> **WHAT THE TASK ASKS**
All of the data below should be printed again exactly, pictures excluded.

> **SOURCE DATA**
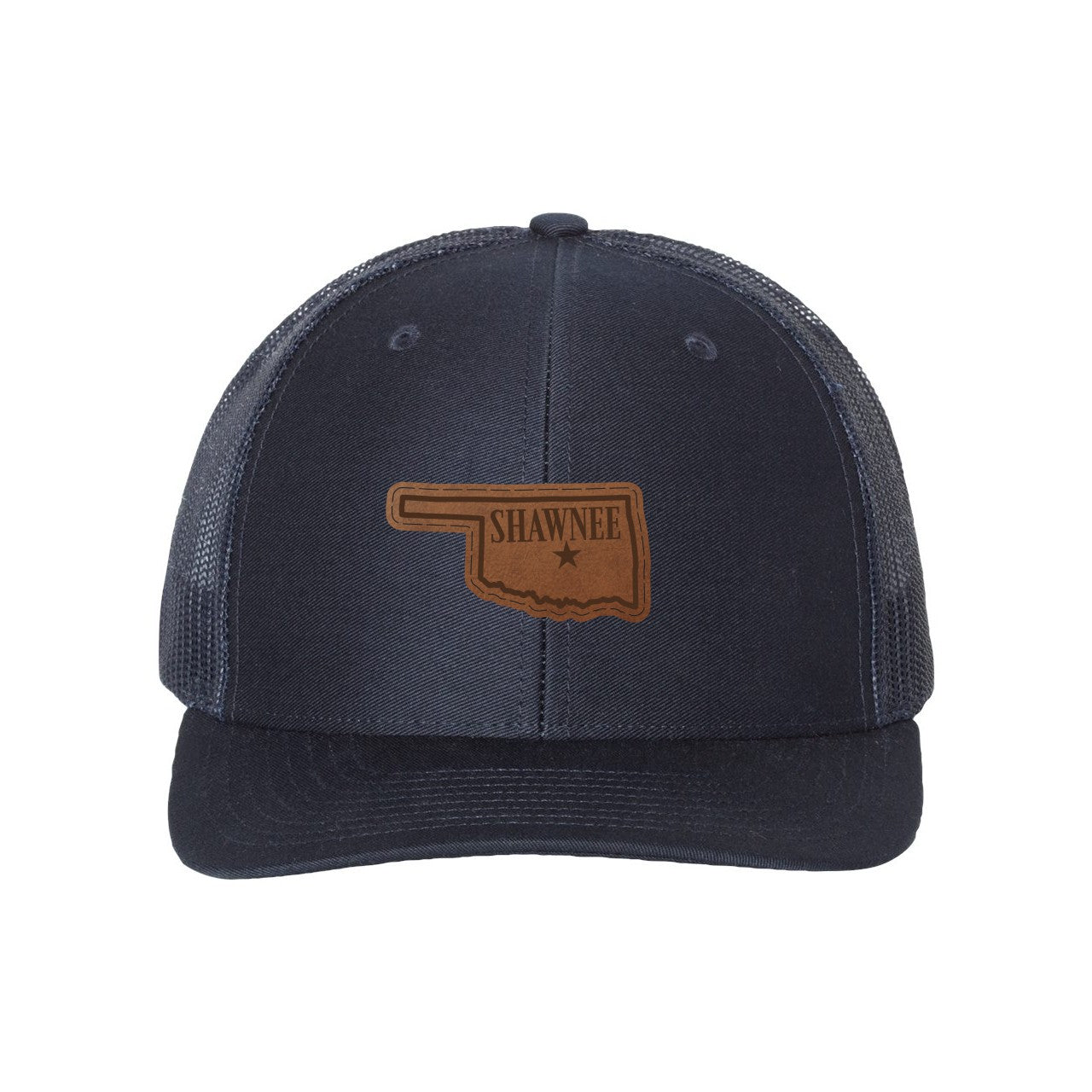 Richardson 112 Trucker Hat with Custom Leather Patch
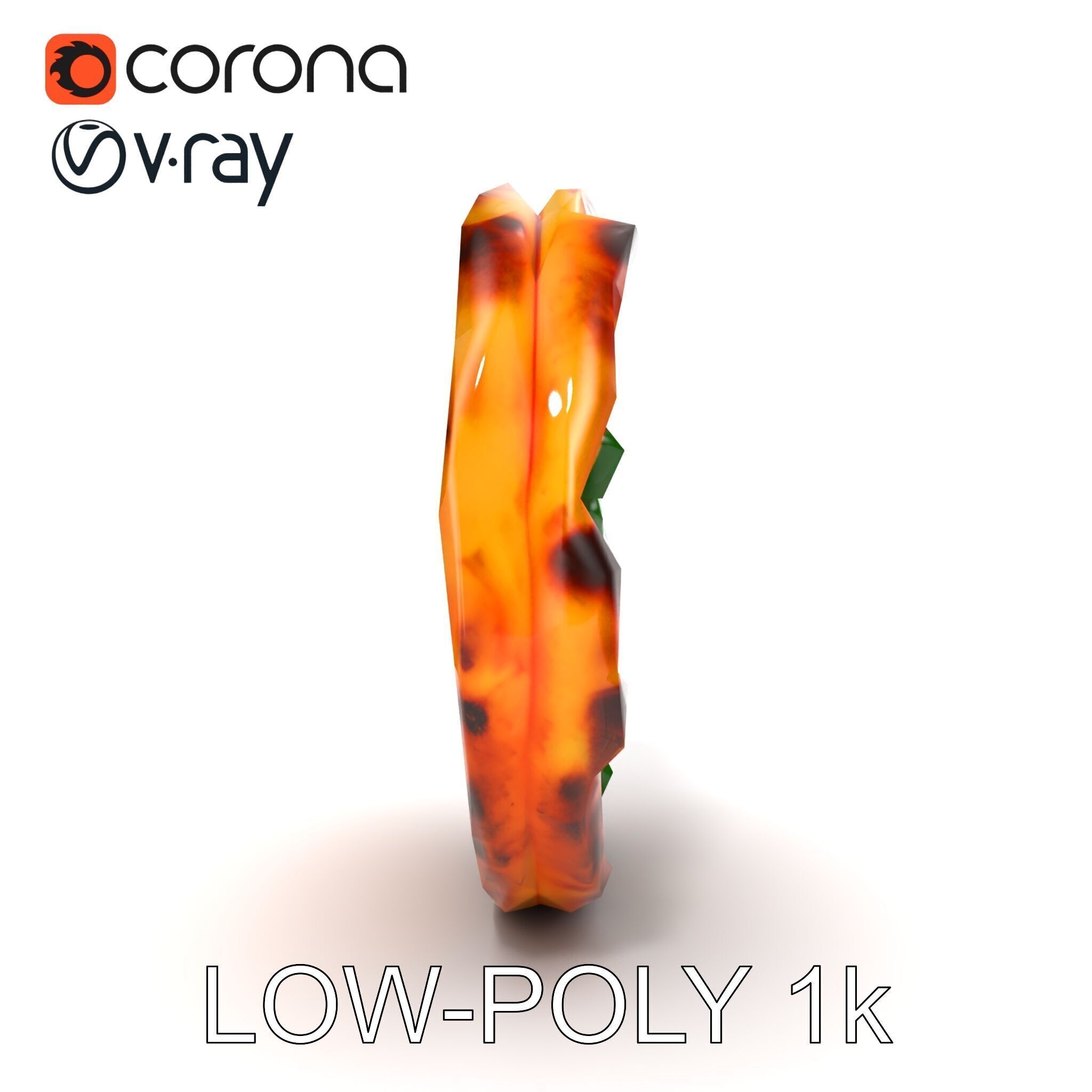 Realistic Margherita Pizza D model pack Low-poly 3D model_19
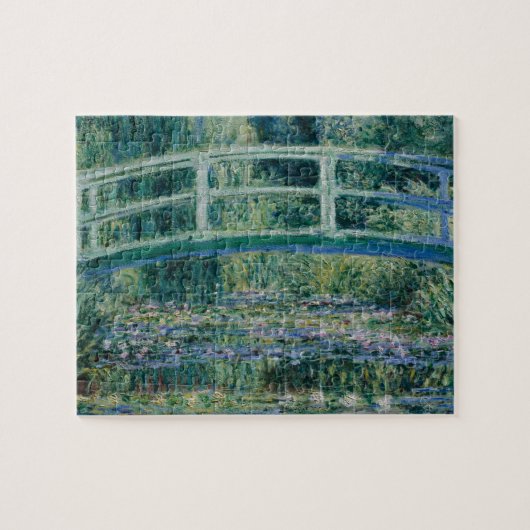 Claude Monet's Water Lilies en Japanse brug Legpuzzel (Horizontaal)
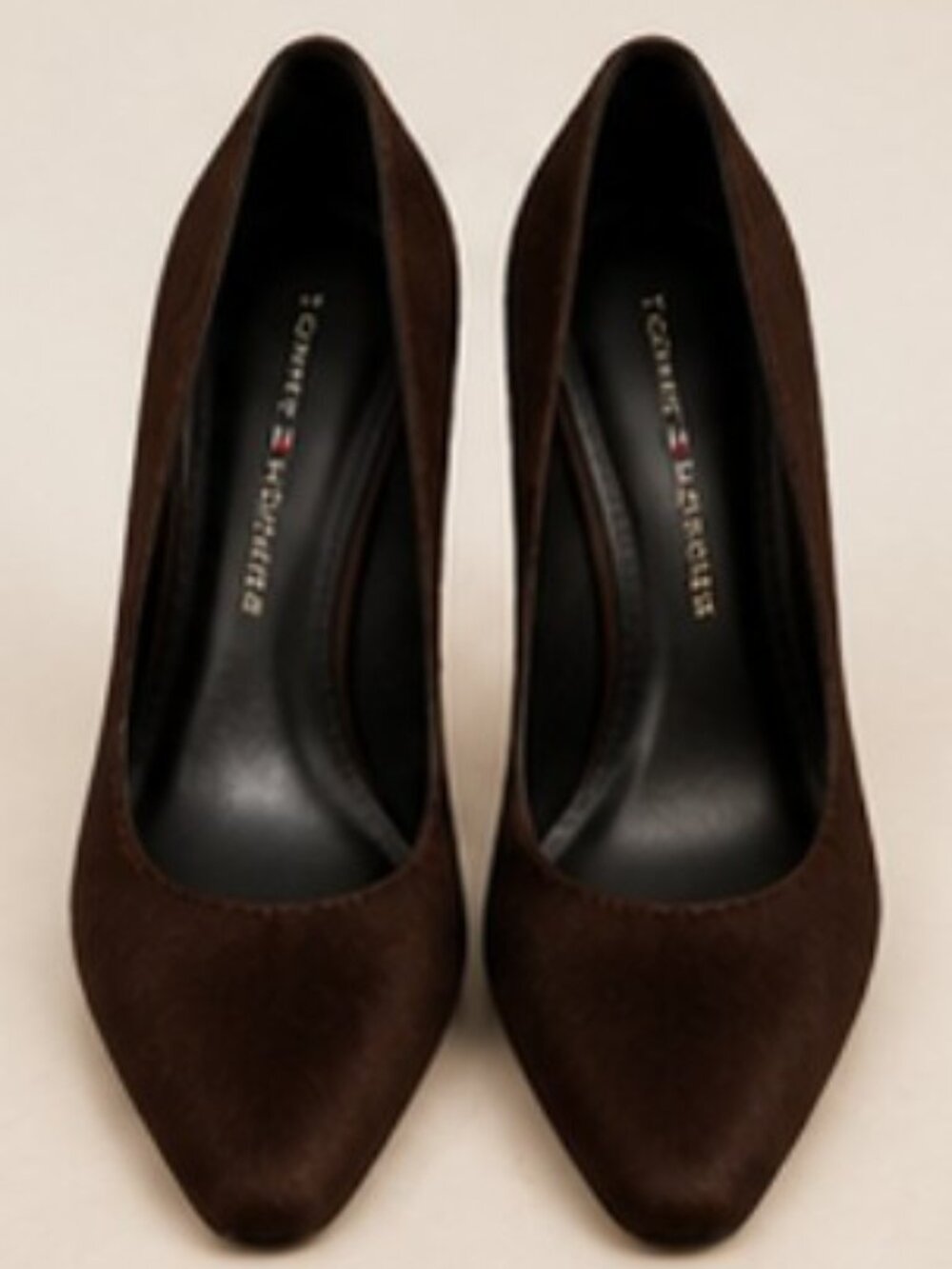 Tommy Hilfiger Priscilla Dark Brown Pony Hair Pumps Size 9M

> **TASK RESPONSE**
 Richardson 112 Trucker Hat with Custom Leather Patch
 Realistic Margherita Pizza D model pack Low-poly 3D model_19
 Claude Monet's Water Lilies en Japanse brug Legpuzzel (Horizontaal)
 Tommy Hilfiger Priscilla Dark Brown Pony Hair Pumps Size 9M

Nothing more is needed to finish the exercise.